« CMV Negative | Main | »

A recent Economist had a striking photograph on its cover. A young boy, maybe nine or ten, wearing distinctive African garb and a big grin, is holding a lump of clay to his ear. The clay is shaped in an oblong rectangle with rounded corners and a tiny projection, a perfect image of a cell phone. The picture is meant to illustrate an editorial inside, decrying a UN program to help launch sub-Saharan Africa into modern prosperity through grants of cell phones and internet connections when illiteracy, hunger, and social chaos prevent (claims the editorial) any meaningful use of these gifts.
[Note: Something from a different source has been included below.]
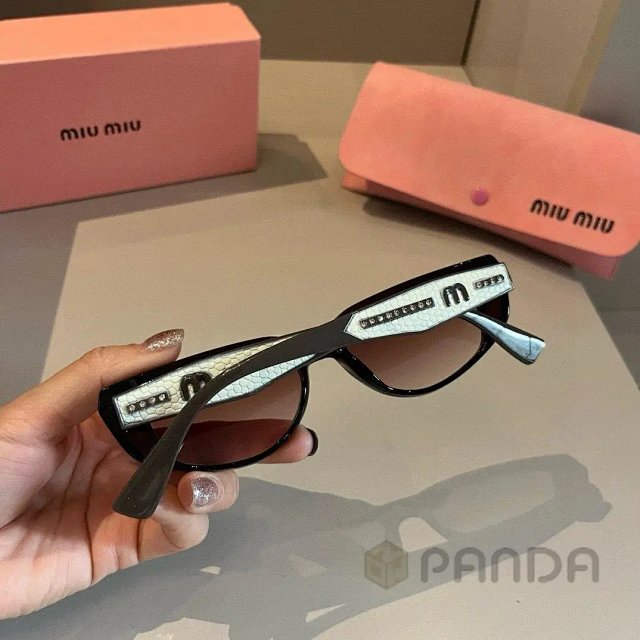 Miu Glasses: seller detail photo 9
The cover, of course, proves nothing. The boy could be grinning for any number of reasons, including the fact that a magazine photographer is recording him for posterity. The boy’s attitude toward the clay phone is entirely ambiguous. Did he shape it himself, and, if so, why? Could it be meant for some kind of artistic or advertising display instead? Is it simply a prop for a game of “let’s pretend,” or did he fashion it in a desperate attempt to imitate the status to which cell phones attach, or does he carry it around to impress his friends? Is he honestly proud of the clay phone, or is he just joking around, or even posing at the encouragement of a photographer with an agenda?
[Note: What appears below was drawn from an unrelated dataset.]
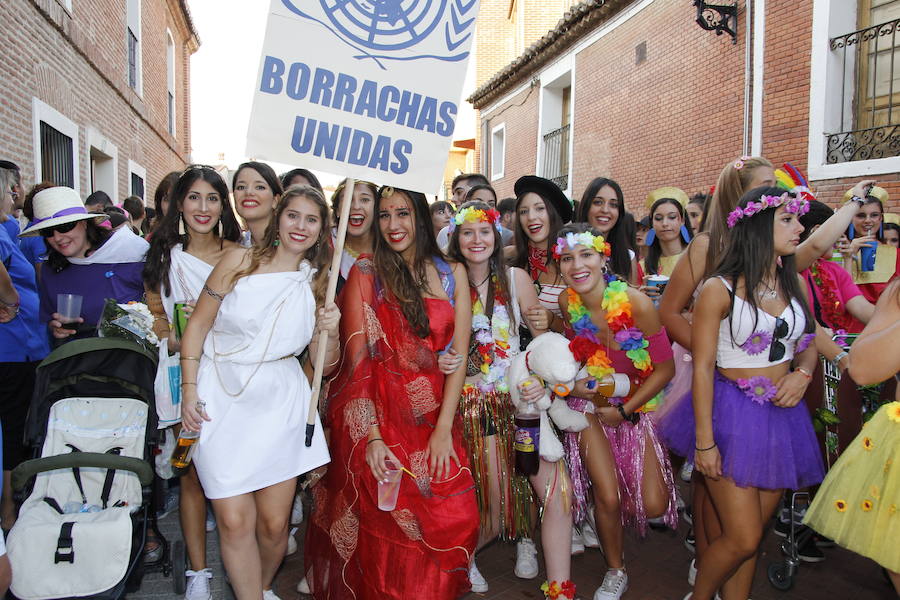 Fotos: El pregón y el desfile de peñas inauguran las fiestas de Laguna de Duero 2018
Despite the cover’s ambiguity, my first reaction to it was strong and very clear: it put me immediately in mind of the cargo cults of the Pacific Islands. In World War II, American soldiers went to the Pacific to fight Japan. They brought with them a great deal of equipment and rations, some of which went to the natives, whether gifts or carefully scavenged artifacts. When the war ended, the GIs left, and the wondrous gifts went with them. Dismayed, the natives sought to imitate the magic that brought the cargo planes by building mock landing strips, conn towers, and Quonset huts out of bamboo and similarly pre-industrial materials. The story is at once laughable and piteous. The boy on the cover of the Economist looks delighted to have an inert chunk of earth at his ear. He seems, like the cargo cultists, to have missed the importance of telecommunications to the global economy so badly that he feels good things will come to him just for holding something with a precisely imitated shape to his ear.

My immediate willingness to jump to the conclusion the editors wished of me is disturbing, because it seems the bulk of political advertising employs just the same device, an image accompanied by words which may have nothing to do with it, but which together yank the attention firmly to a desired conclusion. Beware. Propaganda lurks everywhere. Including online journals.